Ouarzazate, Maroc. Un coin de désert touché par le cinéma. Des studios y sont installés, des productions internationales s’y réalisent. Les habitants l’ont intégré. Une activité comme une autre, entre Zagora et Ouarzazate : un jour tu tournes, un autre tu cultives tes légumes. Du beurre dans les épinards d’un monde qui vivote un peu moins mal.
Première scène : des paysans montent sur un camion. Ils vont assister à la projection de leur dernier film. Tous figurants. Le film, c’est : « En attendant Pasolini » que Daoud Aoulad-Syad vient de terminer.
Justement, il y a un plaignant : Moha, qui avait loué son terrain pour le tournage. Au dernier tour de manivelle, les décors ont été détruits, mais pas la mosquée. Qui se trouve sur son meilleur champ, celui sur lequel il cultivait ses légumes. « De quoi je vais vivre maintenant ? »
Car la mosquée, construite pour les besoins du film, qui n’est même pas tournée vers la Mecque, a servi de lieu de prières. Au début, pour quelques uns et finalement, pour tous. De fausse, elle est devenue vraie. Plus question de la détruire. Et à qui demander justice ? D’autant que la situation se complique : le faux imam du film s’est autoproclamé imam, lui-même, obligeant le vrai à se réfugier dans le cimetière où ses fidèles le visitent.
Fait réel, traité dans La Mosquée, par le même réalisateur, en effet miroir. Savoureuse comédie sur les apparences, fine analyse des glissements entre fiction et réalité.
Moha, (Abdelhadi Touhrache, excellent), sûr de son droit, part en croisade pour récupérer son bien, « parce qu’on ne peut faire confiance à ces gens de cinéma… » Il franchit les échelons de la hiérarchie religieuse, et civile pour se retrouver floué, noyé sous de pieux discours : « Pour détruire une mosquée, il faut en construire une autre », « le cinéma était un prétexte, c’est Dieu qui voulait la mosquée là ! », « c’est une affaire difficile, il faut aller à Rabat demander l’autorisation de démolir ».

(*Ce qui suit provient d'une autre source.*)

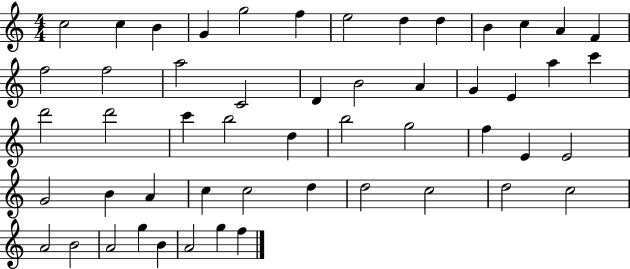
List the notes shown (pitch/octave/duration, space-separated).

C5/h C5/q B4/q G4/q G5/h F5/q E5/h D5/q D5/q B4/q C5/q A4/q F4/q F5/h F5/h A5/h C4/h D4/q B4/h A4/q G4/q E4/q A5/q C6/q D6/h D6/h C6/q B5/h D5/q B5/h G5/h F5/q E4/q E4/h G4/h B4/q A4/q C5/q C5/h D5/q D5/h C5/h D5/h C5/h A4/h B4/h A4/h G5/q B4/q A4/h G5/q F5/q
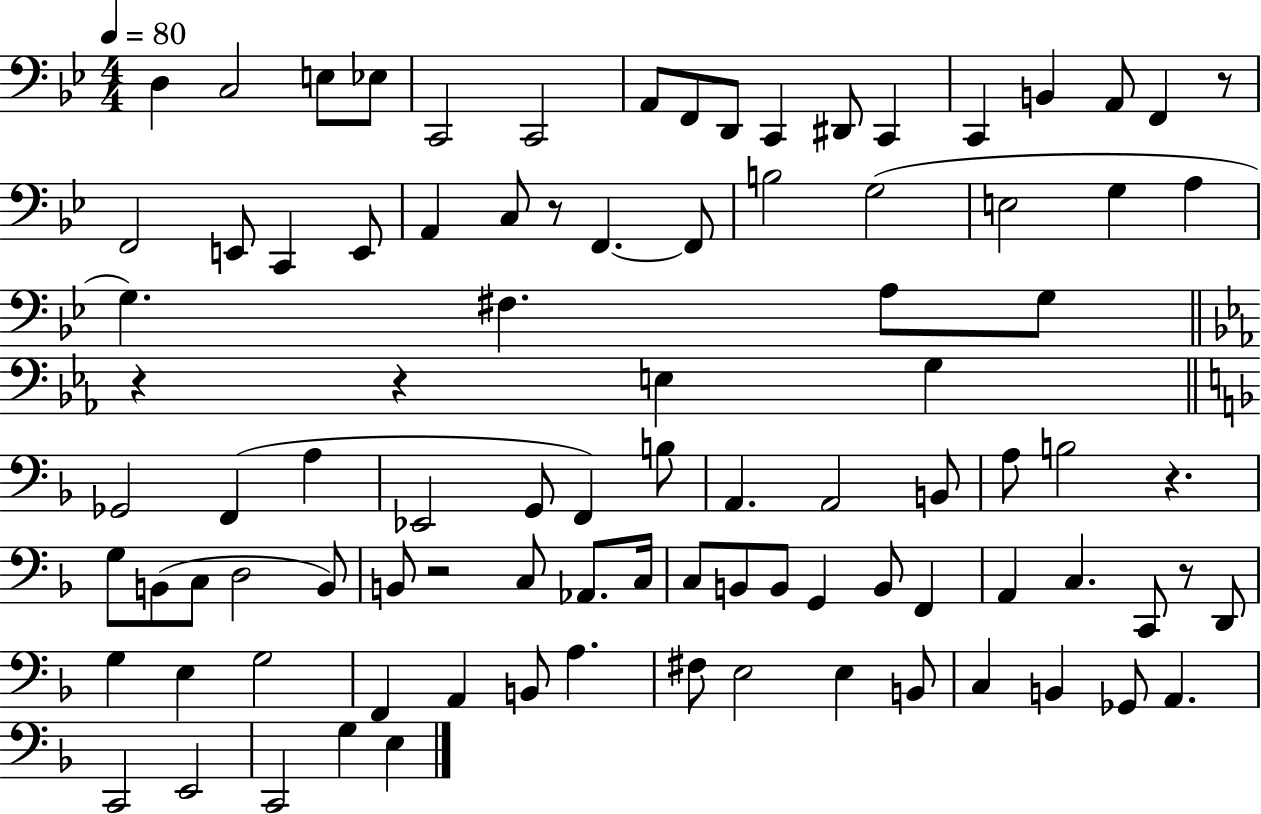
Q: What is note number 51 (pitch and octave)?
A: D3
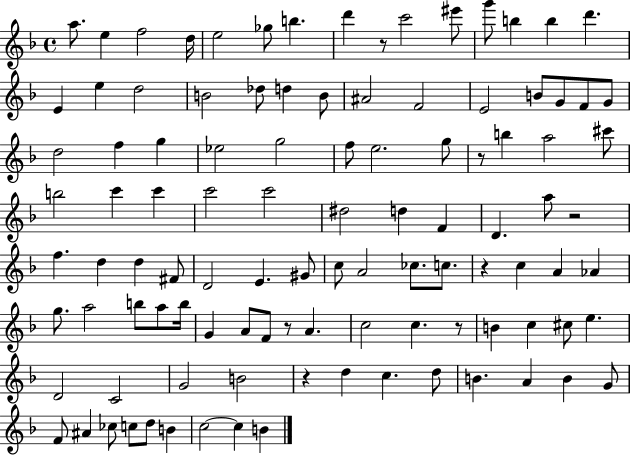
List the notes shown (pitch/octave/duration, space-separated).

A5/e. E5/q F5/h D5/s E5/h Gb5/e B5/q. D6/q R/e C6/h EIS6/e G6/e B5/q B5/q D6/q. E4/q E5/q D5/h B4/h Db5/e D5/q B4/e A#4/h F4/h E4/h B4/e G4/e F4/e G4/e D5/h F5/q G5/q Eb5/h G5/h F5/e E5/h. G5/e R/e B5/q A5/h C#6/e B5/h C6/q C6/q C6/h C6/h D#5/h D5/q F4/q D4/q. A5/e R/h F5/q. D5/q D5/q F#4/e D4/h E4/q. G#4/e C5/e A4/h CES5/e. C5/e. R/q C5/q A4/q Ab4/q G5/e. A5/h B5/e A5/e B5/s G4/q A4/e F4/e R/e A4/q. C5/h C5/q. R/e B4/q C5/q C#5/e E5/q. D4/h C4/h G4/h B4/h R/q D5/q C5/q. D5/e B4/q. A4/q B4/q G4/e F4/e A#4/q CES5/e C5/e D5/e B4/q C5/h C5/q B4/q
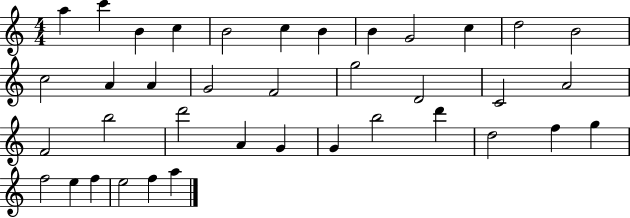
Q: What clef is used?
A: treble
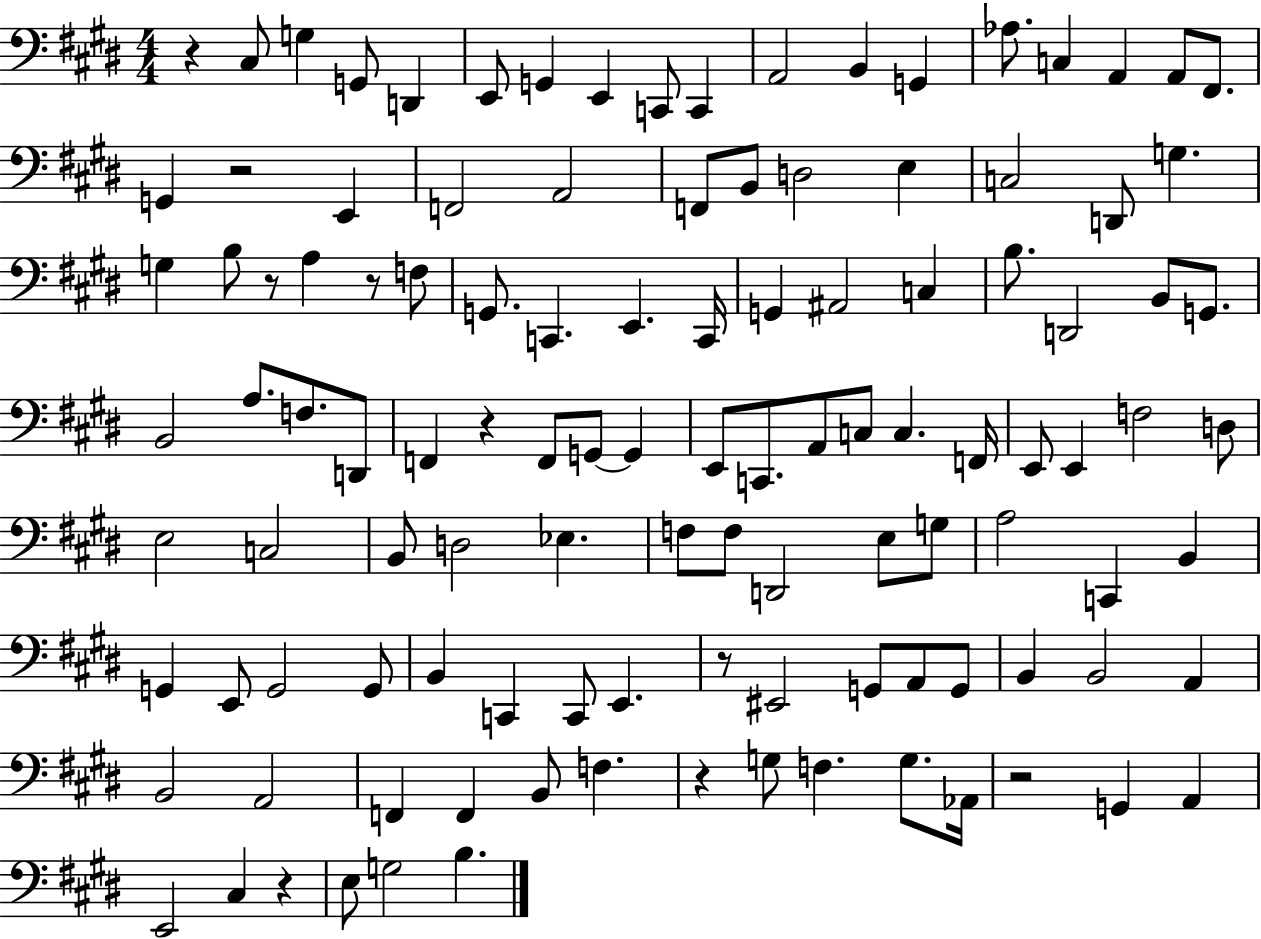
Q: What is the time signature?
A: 4/4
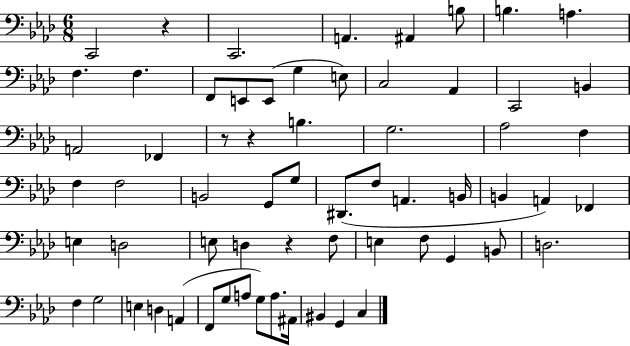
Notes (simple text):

C2/h R/q C2/h. A2/q. A#2/q B3/e B3/q. A3/q. F3/q. F3/q. F2/e E2/e E2/e G3/q E3/e C3/h Ab2/q C2/h B2/q A2/h FES2/q R/e R/q B3/q. G3/h. Ab3/h F3/q F3/q F3/h B2/h G2/e G3/e D#2/e. F3/e A2/q. B2/s B2/q A2/q FES2/q E3/q D3/h E3/e D3/q R/q F3/e E3/q F3/e G2/q B2/e D3/h. F3/q G3/h E3/q D3/q A2/q F2/e G3/e A3/e G3/e A3/e. A#2/s BIS2/q G2/q C3/q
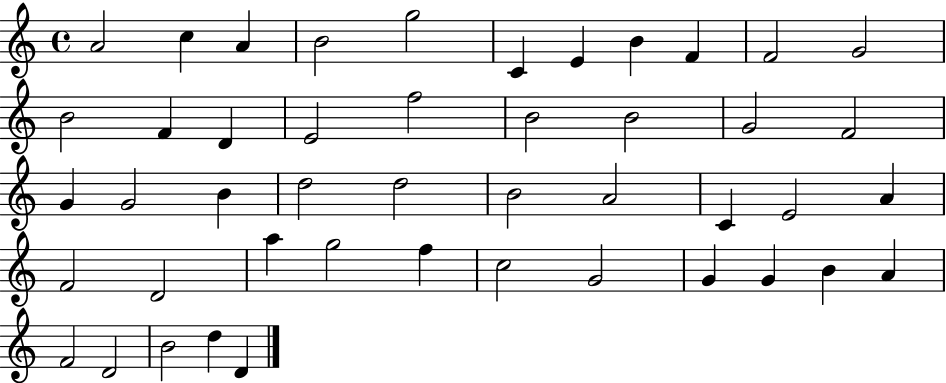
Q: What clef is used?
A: treble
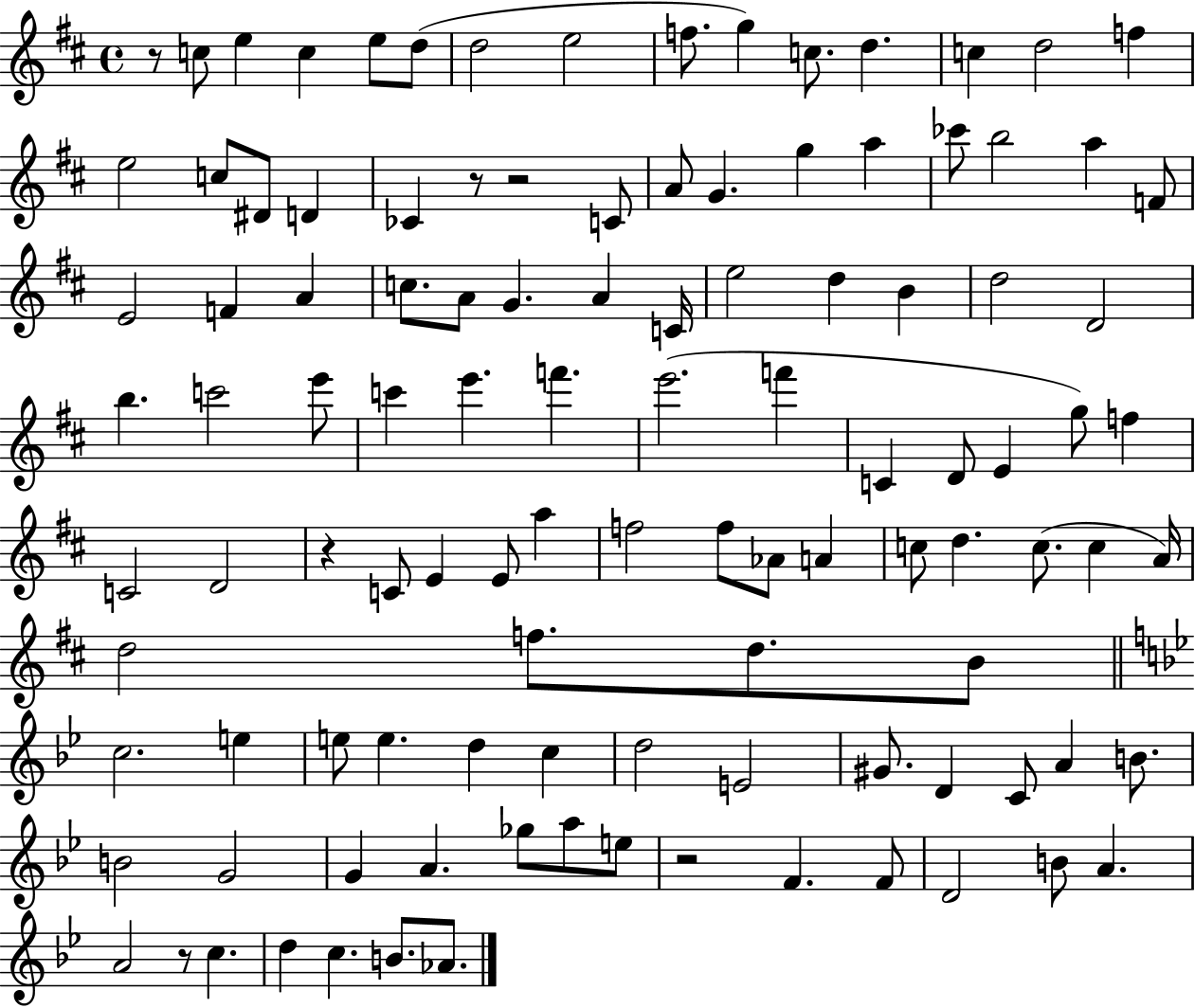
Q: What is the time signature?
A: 4/4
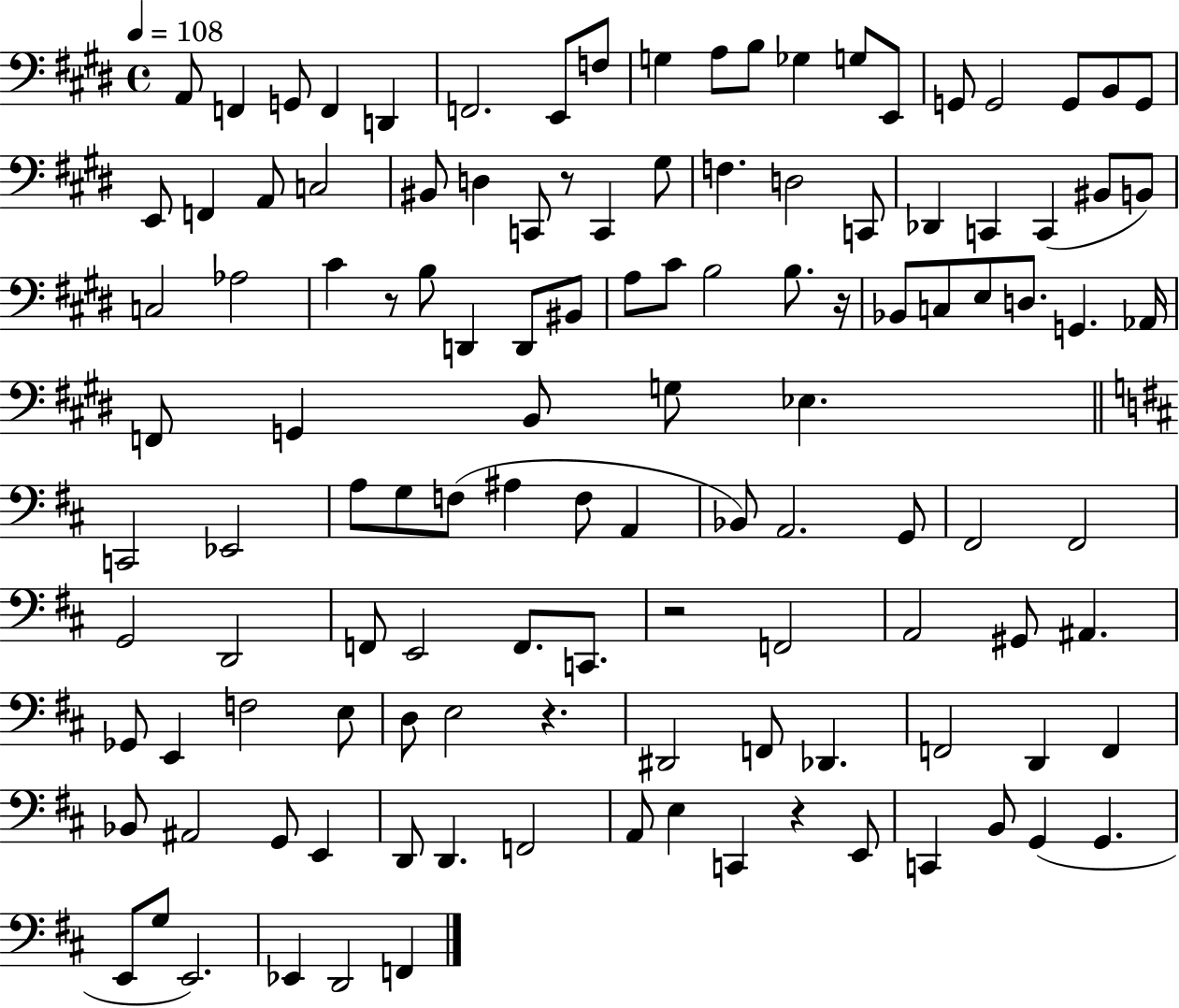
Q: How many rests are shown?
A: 6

Ambiance de comédie populaire : pendant que son mari poursuit sa quête, sa femme n’a qu’une idée en tête : fixer la date de la circoncision de leur fils. Prétexte à des dialogues de sourds du plus haut comique.
Péripéties, alliances, bons mots : « la djellaba ne fait pas l’imam… ». Un candidat aux futures élections, parachuté de Marrakech, fait campagne. Moha, en désespoir de cause va voir un médecin qui veut l’envoyer chez le psy … « mais je n’ai que Dieu ! » Pauvre Moha, jusqu’au vrai imam gagné par les sirènes de la télé qui le trahit.
On est loin de la terre ! Ce foutu cinéma a tout changé et vous fait prendre des vessies pour des lanternes, et des décors pour des lieux de culte. Et ces religieux opportunistes et ces politiques condescendants, et ces sages dévoyés… Autant en rire et s’en servir. Ce que Moha tentera de faire…
Sélectionné au festival de San Sébastien, le film a obtenu le Tanit de bronze aux JCC 2010, ainsi que le prix accordé par la chambre nationale des producteurs de films. Rien pour Abdelhadi Tourhache …mais les applaudissements qu’il reçut à Tunis, en allant chercher les prix pour le réalisateur absent, étaient bien réels.